▸ **Work to complete**: Set down, word for word, every line of the material below from the one containing "Evelyn Keepsake Necklace" through the one containing "Camille Cottin Dans", but none of its pictures.

▸ **Record excerpts**:
○ ○ ○ ○ ○ ○ ○
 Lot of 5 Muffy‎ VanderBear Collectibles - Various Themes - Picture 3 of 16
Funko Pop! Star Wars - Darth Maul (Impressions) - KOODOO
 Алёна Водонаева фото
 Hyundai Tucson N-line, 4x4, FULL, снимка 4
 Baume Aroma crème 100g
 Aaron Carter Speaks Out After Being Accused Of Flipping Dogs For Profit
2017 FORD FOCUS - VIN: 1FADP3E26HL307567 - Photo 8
○ ○ ○ ○ ○ ○ ○
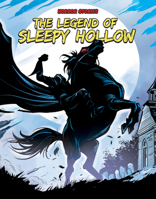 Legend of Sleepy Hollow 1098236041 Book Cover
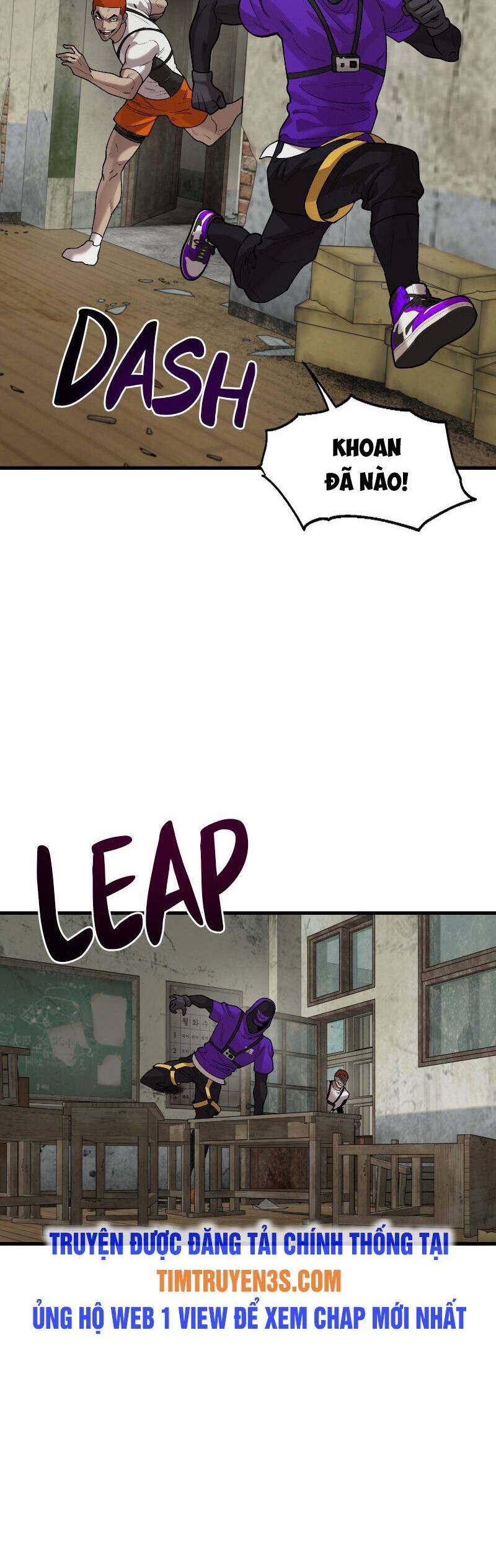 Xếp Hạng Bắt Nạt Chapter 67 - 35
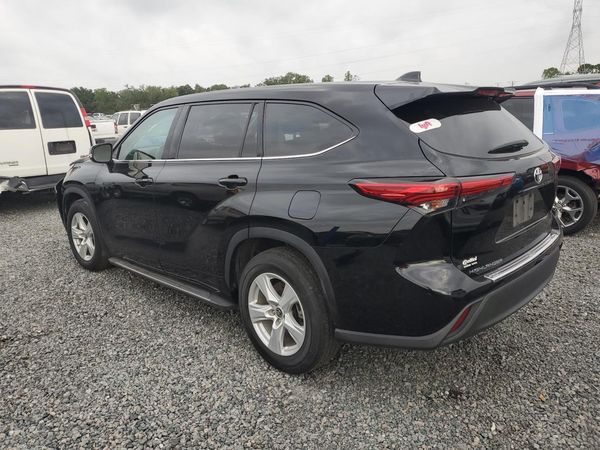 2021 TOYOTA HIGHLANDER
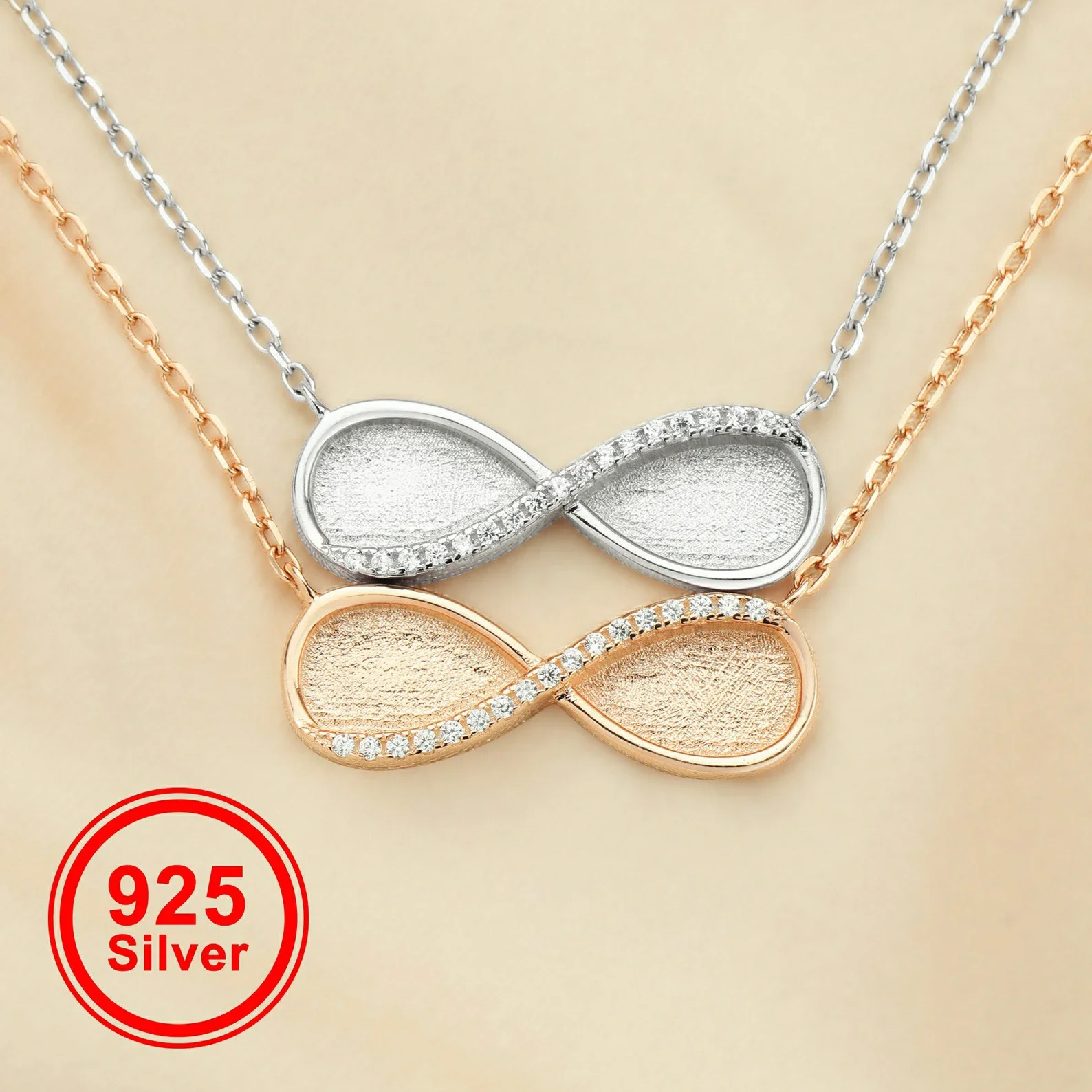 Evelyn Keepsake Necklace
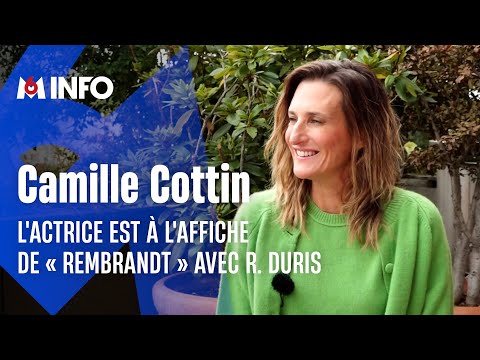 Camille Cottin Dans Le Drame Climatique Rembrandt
○ ○ ○ ○ ○ ○ ○
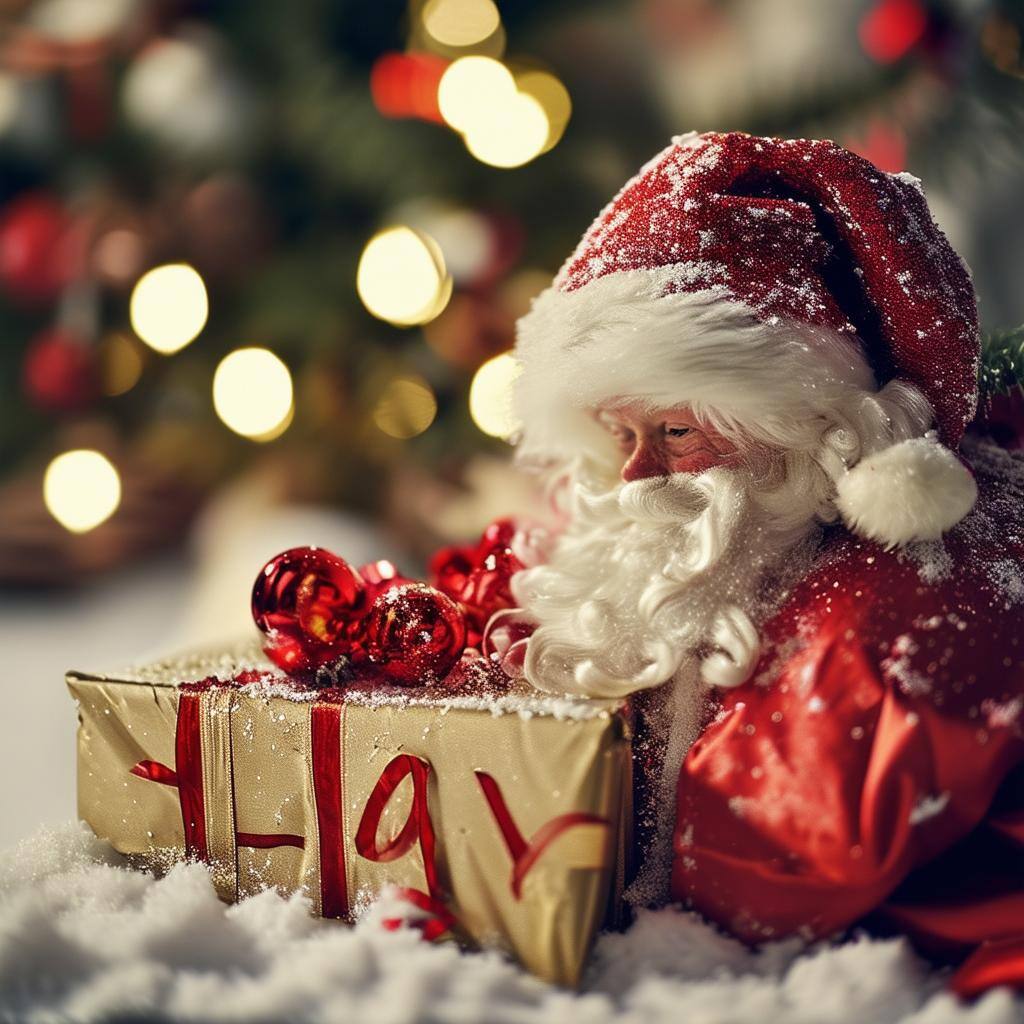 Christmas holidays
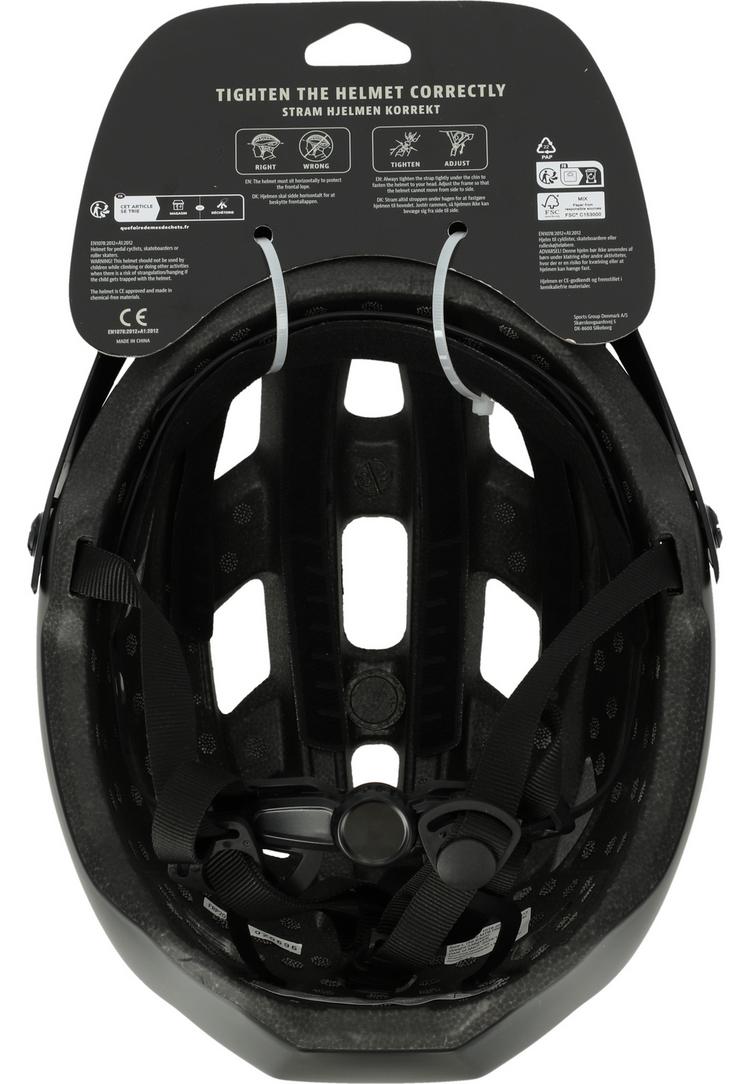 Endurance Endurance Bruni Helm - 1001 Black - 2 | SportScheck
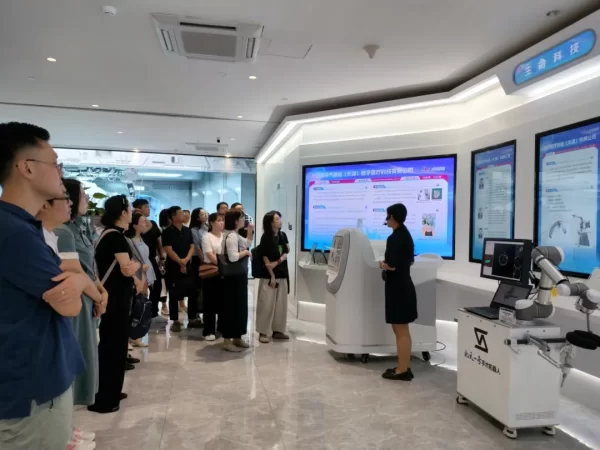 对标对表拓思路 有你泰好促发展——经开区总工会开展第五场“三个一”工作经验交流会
○ ○ ○ ○ ○ ○ ○
▸ **Reply**:
 Evelyn Keepsake Necklace
 Camille Cottin Dans Le Drame Climatique Rembrandt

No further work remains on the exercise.